Bizarrement, ces maîtres du camp de concentration furent eux aussi bernés par la conclusion de l’opéra. Ils ne virent qu’un conte enfantin alors que les dernières paroles des enfants modifiées par Emil A. Saudek proclamaient « celui qui aime la justice, celui qui lui reste fidèle, et qui n’a pas peur, celui-là est notre ami et a le droit de jouer avec nous ». Ce que parmi les prisonniers, tous les spectateurs adultes traduisirent par un acte de résistance.

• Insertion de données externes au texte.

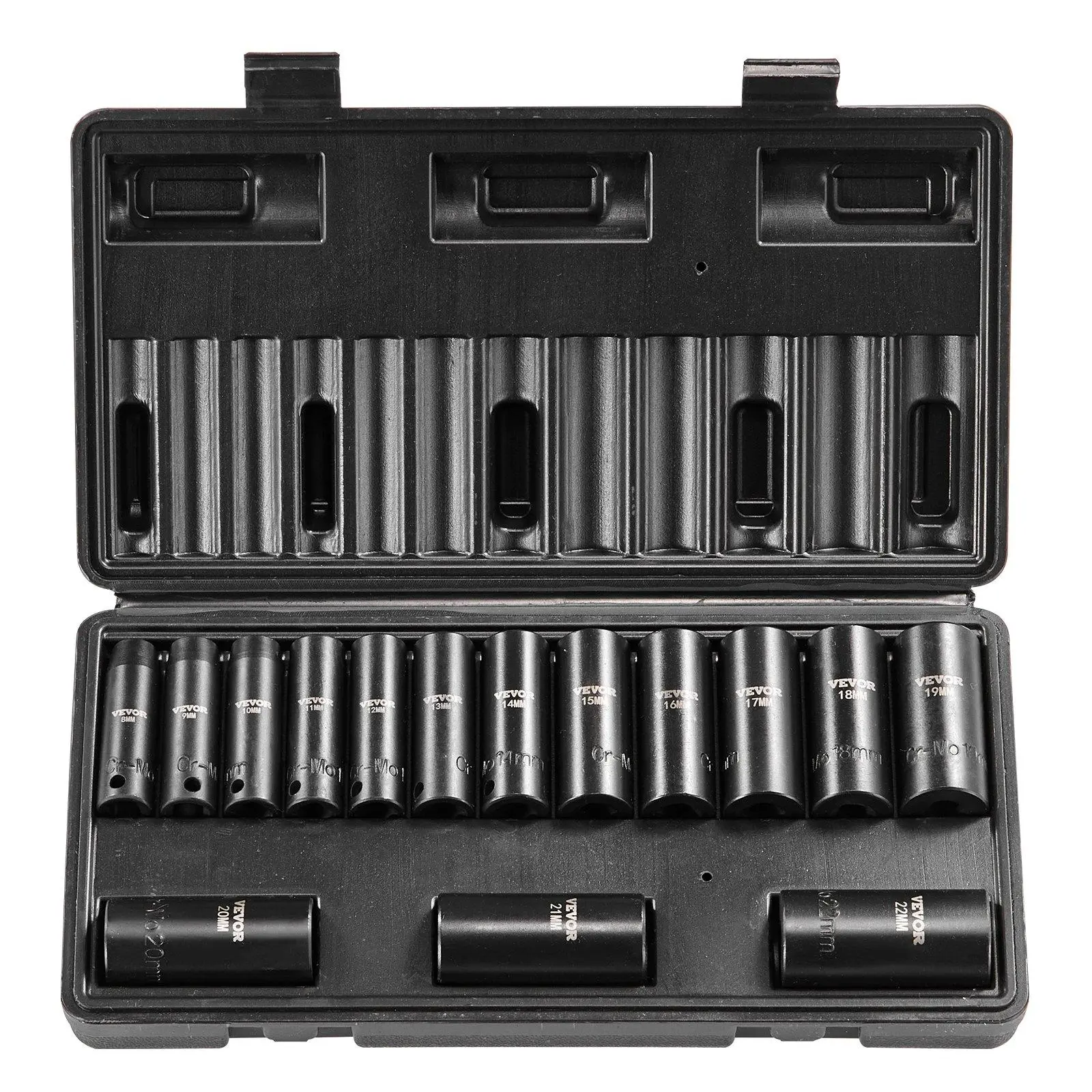 15PC CR-MO - 3/8" Metric (8-22 mm)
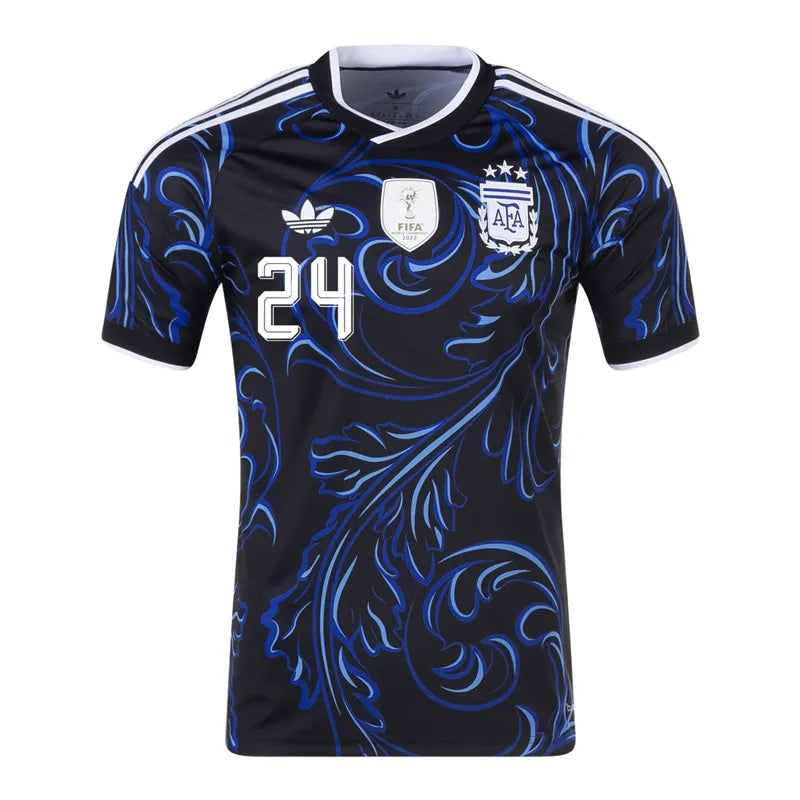 Adidas Argentina Enzo Fernandez Away Stadium Jersey 2026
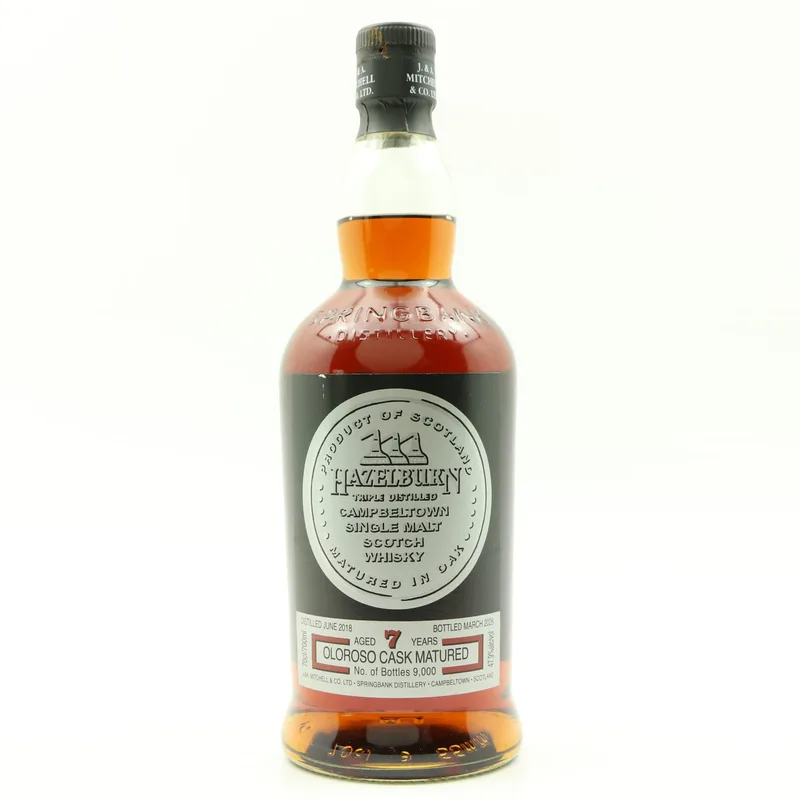 Hazelburn – 2018 7 Year Old Oloroso Cask (70cl, 47.9%)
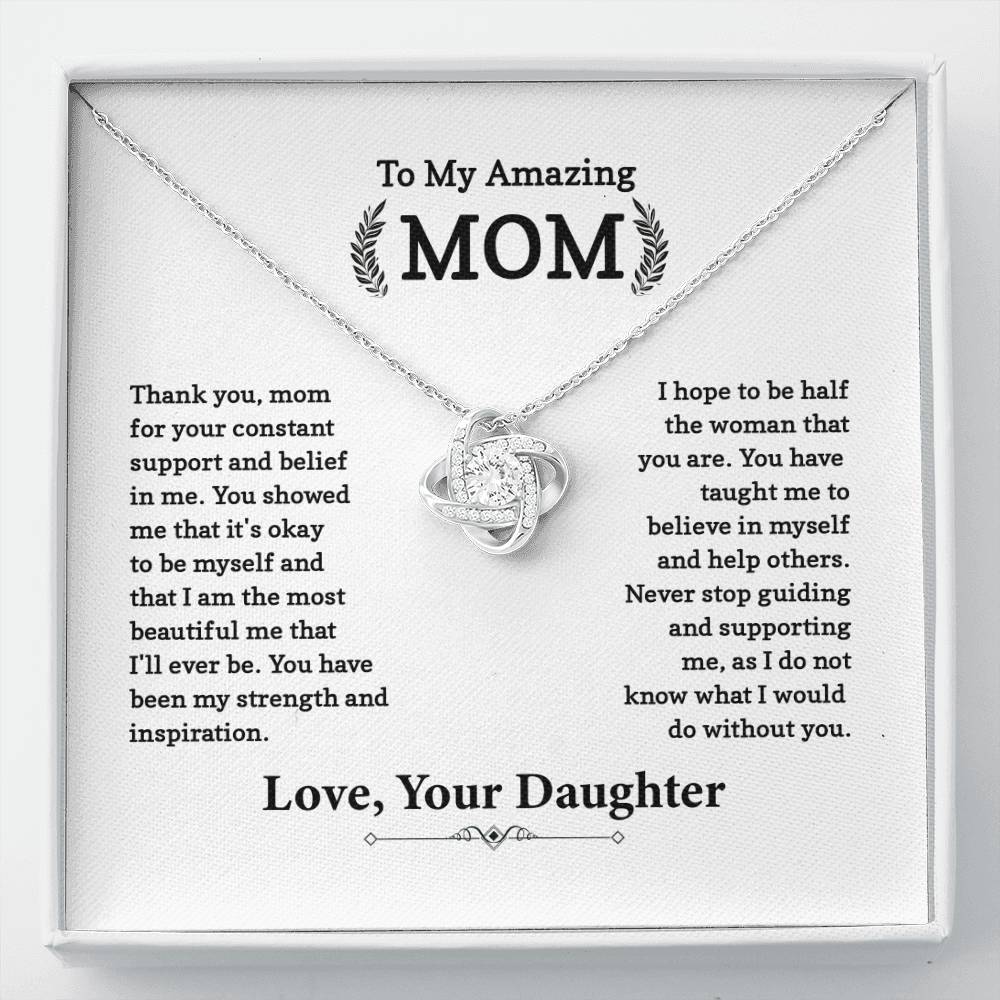 Necklace Gift for Mom from Daughter Love Note
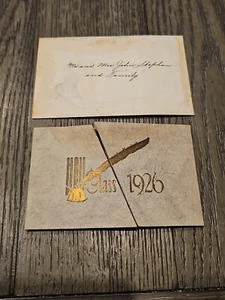 Vintage Rare 1926 Martin Luther College Minnesota Graduation Invitation - Picture 1 of 5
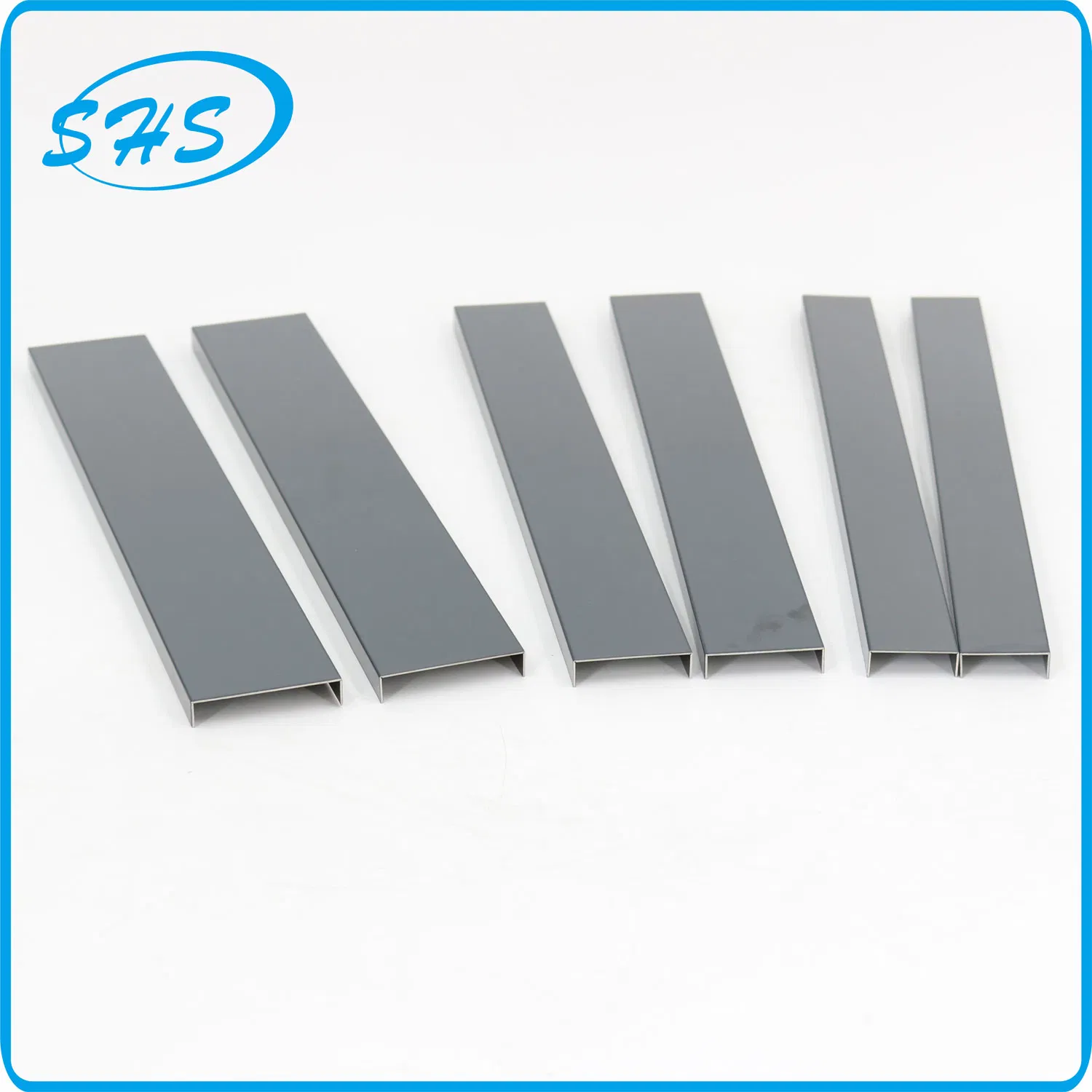 Premium Stainless Steel U-Channels with Ti Plated Black Finish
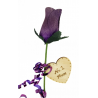 Single Wooden Rose - Violet - No 1 Mum
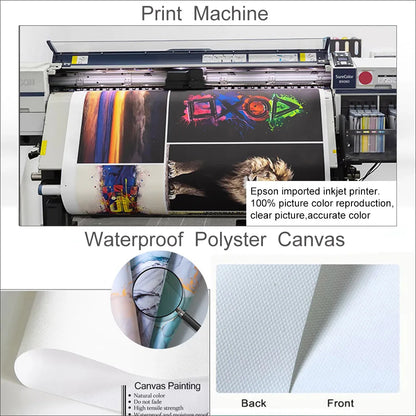 Motivational Basketball C-Curry and K-kebe Poster Canvas Print Home Living Room Bedroom Cafe Art Painting Decoration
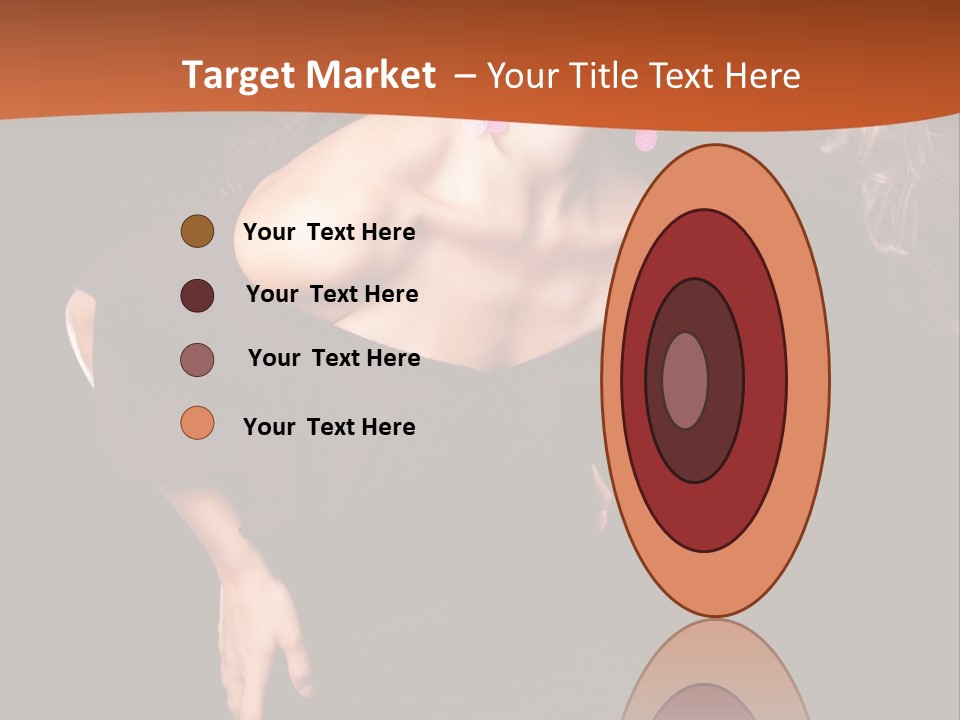 Woman Model Young PowerPoint Template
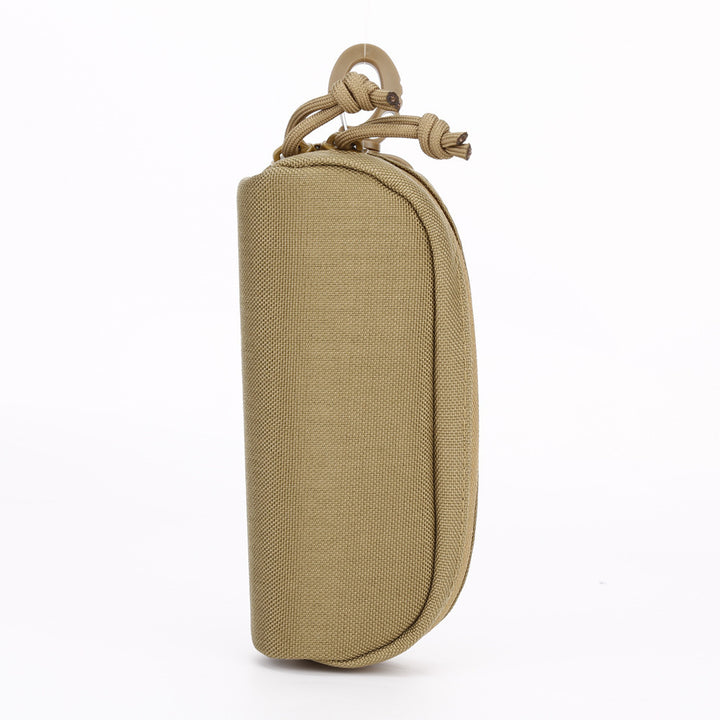 Durable Tactical Eyewear And Accessory Zippered Pouch With Carabiner Bowlift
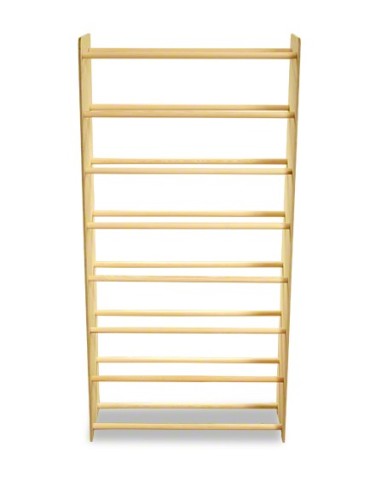 Regały - 8-półkowy regał na obuwie RBS /szer.65 cm/ Naturalny - product 3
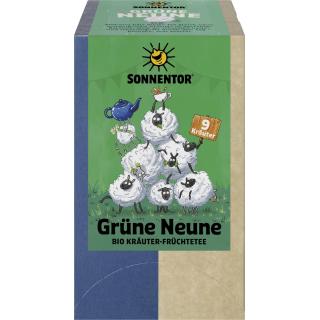 Grüne Neune Tee, Doppelkammerb 18x1,5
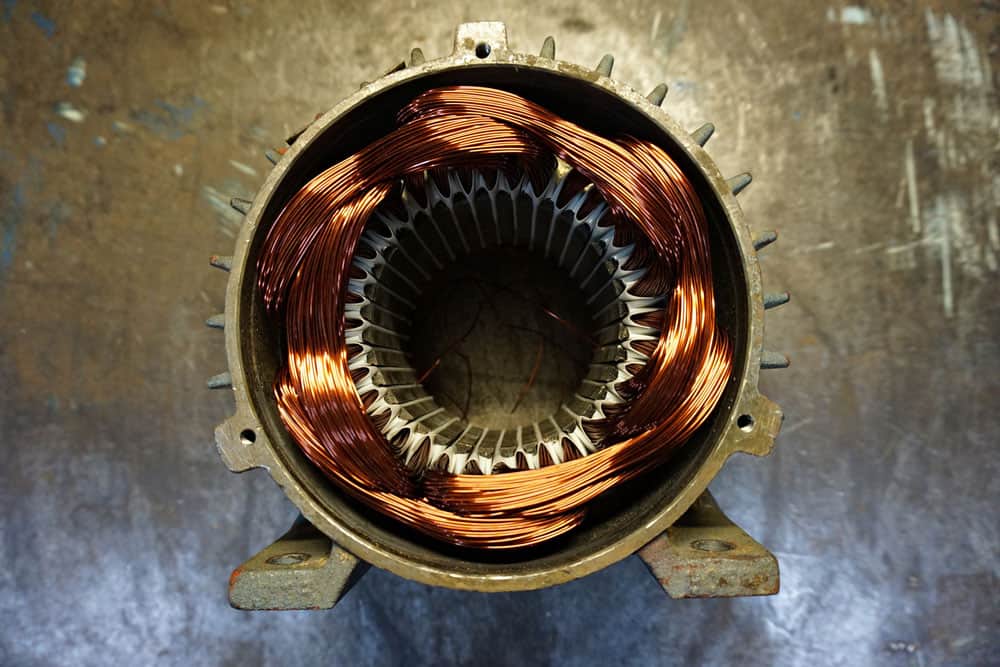 EV Motor Coil Winding for Electric Vehicle Manufacturing.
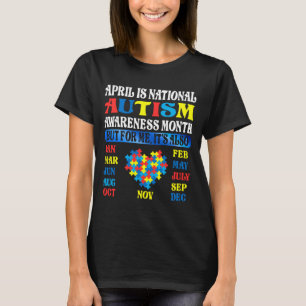 Camiseta Abril É Mês Nacional de Conscientização do Autismo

Quelques semaines passèrent pendant lesquelles le camp de concentration retrouva sa physionomie habituelle, ses lots d’injustice et de brimades, son travail éreintant, sa sous-alimentation. Dans les dernières semaines de l’existence du camp de concentration arriva un autre personnage, une importante figure de la musicologie, le professeur Vladimir Helfert (12). Une illustration de plus de la haute qualité intellectuelle et artistique d’un grand nombre de prisonniers de Terezín. 


Mais les Nazis, non contents d’avoir trompé la vigilance des délégués de la Croix Rouge voulurent léguer un témoignage tangible du « bon traitement » de leurs prisonniers. Ils exigèrent de Kurt Gerron (13) la fabrication d’un film sur le ghetto où on ne verrait que des gens heureux d’y vivre, l’envers de la réalité. Une publicité mensongère. Lorsque ce film fut terminé, ils firent disparaître tous ces témoins. En octobre 1944, le 17, un lugubre convoi ferroviaire transporta les acteurs-chanteurs de Brundibár, adultes comme enfants de Terezín jusqu’à Auschwitz où ils furent conduits dans les sinistres chambres à gaz déguisées en salles de douche. N’en réchappèrent que le chef d’orchestre Karel Ančerl et la basse Karel Berman. Agé de 45 ans, Hans Krása décéda dans ces atroces circonstances. Quelques jours plus tard le film de Gerron terminé (14), la logique de l’abominable frappa une nouvelle fois ; pour éviter un témoignage contradictoire à leurs déclarations, les Nazis  chargèrent toutes les personnes qui avaient participé à sa réalisation ; un convoi les déporta à Auschwitz le 28 octobre 1944 ; ils subirent le même sort horrible que les réalisateurs de Brundibár.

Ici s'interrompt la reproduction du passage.